“Un buen escritor expresa grandes cosas con pequeñas palabras; a la inversa del mal escritor, que dice cosas insignificantes con palabras grandiosas.” – Ernesto Sabato
I find myself struggling with trying to balance showing versus telling in keeping my writing simple and fluid, all while allowing my own style and voice to develop. I won’t be one of those writers who writes three pages to describe something that could have easily been shown in a paragraph. Number one, I don’t have the literary tool-set to do that and number two, I wouldn’t want to even if I did. I’m not saying there is anything wrong with those who can dazzle us with prose that showcases their mastery of words and ability to crank out intricate sentence structures. There is a time and place for complexity and for me personally, I don’t care to see it over an entire novel. Poetry and short stories; yes, but not for ninety thousand plus words. Often, it leaves a reader confused and doesn’t move the plot. OK, it leaves me confused, like I might leave many of you confused rambling on about finite element analysis, proof load testing, and stress failures. I don’t want to be that kind of writer.
My advice to writers as both a reader and a writer: balance. Use words that challenge, inspire thought, or paint pictures but don’t do it in a way that has the average reader wondering if he or she should have continued education beyond grad school just to understand your work. Remember that the reader is the customer. If you don’t care about that then by all means, impress yourself and a few others but don’t complain about lack of sales or interest in your work.The old adage “Keep it Simple Stupid” plays a part in writing and there is plenty of advice out there on the subject. One can still have creativity and depth in simplicity. I’m a firm believer that reading the work of authors who master this helps make me a better writer.
The translation for the above quote by Ernesto Sabato?
“A good writer expresses great thoughts with simple words, whereas the bad writer says insignificant things with grandiloquence.”
So by now you are wondering what the heck KISS, Tacos, and Beer has to do with any of this right? It’s just how my mind works.
Last month, we went on a vacation to Arizona to see my family. This included a three day side trip to Las Vegas with my entire Arizona family so that my brother could finally marry his fiancé. I hadn’t been to Vegas in years and my wife and kids had never been so we were excited about it. Las Vegas is both beautiful and exhilarating but designed for one thing: to dazzle your senses in a manner that lessens the realization of how fast money is leaving your wallet. I quickly became frustrated at how expensive meals were in the resort: one hundred plus dollars each time for a family of four.

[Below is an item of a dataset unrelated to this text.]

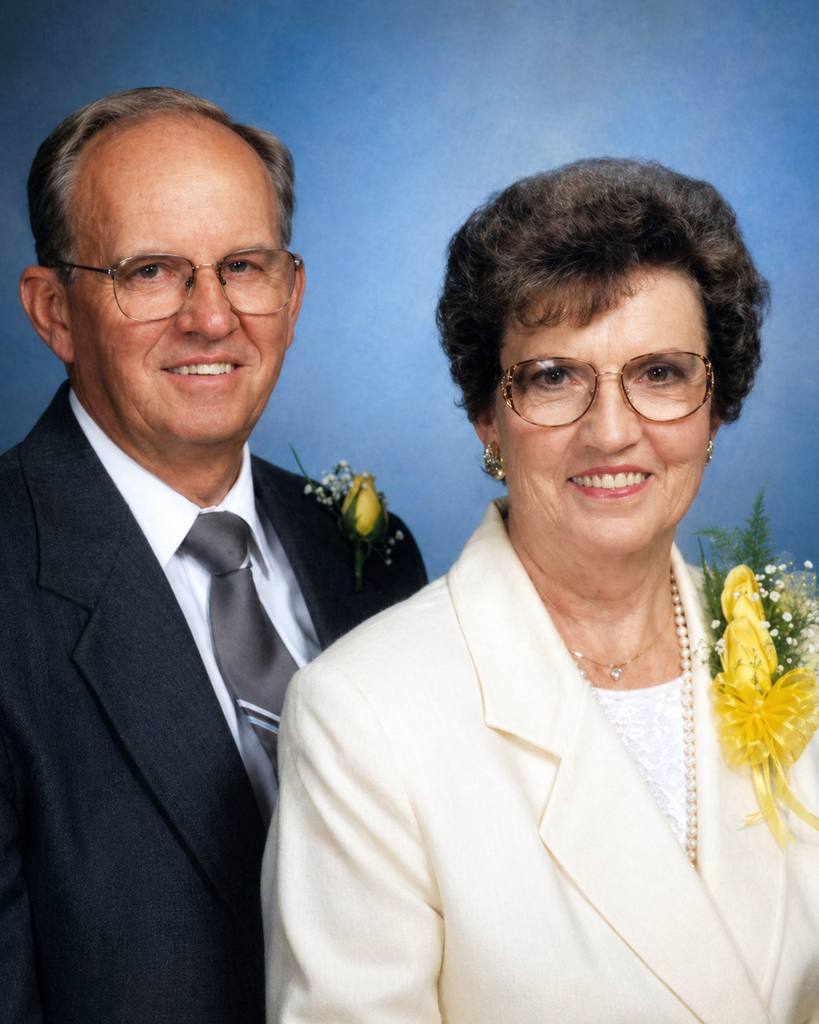 Juanita Cundiff Plybon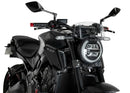 HONDA CB 650 R NEO SPORTS CAFE [2023] – Painel frontal ABS – Preto mate-15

I could write an entire short story about our experiences in Vegas but in keeping with the theme of this post, I will keep things moving and simple. Getting off the the main strip, we drove down a side road en route to the KISS Wedding Chapel. Yes, this is where my brother and now wife wanted to be married, and by a friend of mine who plays in a Vegas KISS tribute band called Sin City KISS. Along the route, I was determined to find an alternate place to eat after the wedding so my wife and kids were rattling off names of restaurants they were seeing on the way to the wedding, names that told me nothing with the exception of one. As we pulled into the chapel, I saw the huge KISS sign and it hit me, knowing immediately where we were going to eat after the wedding. Keep it simple stupid.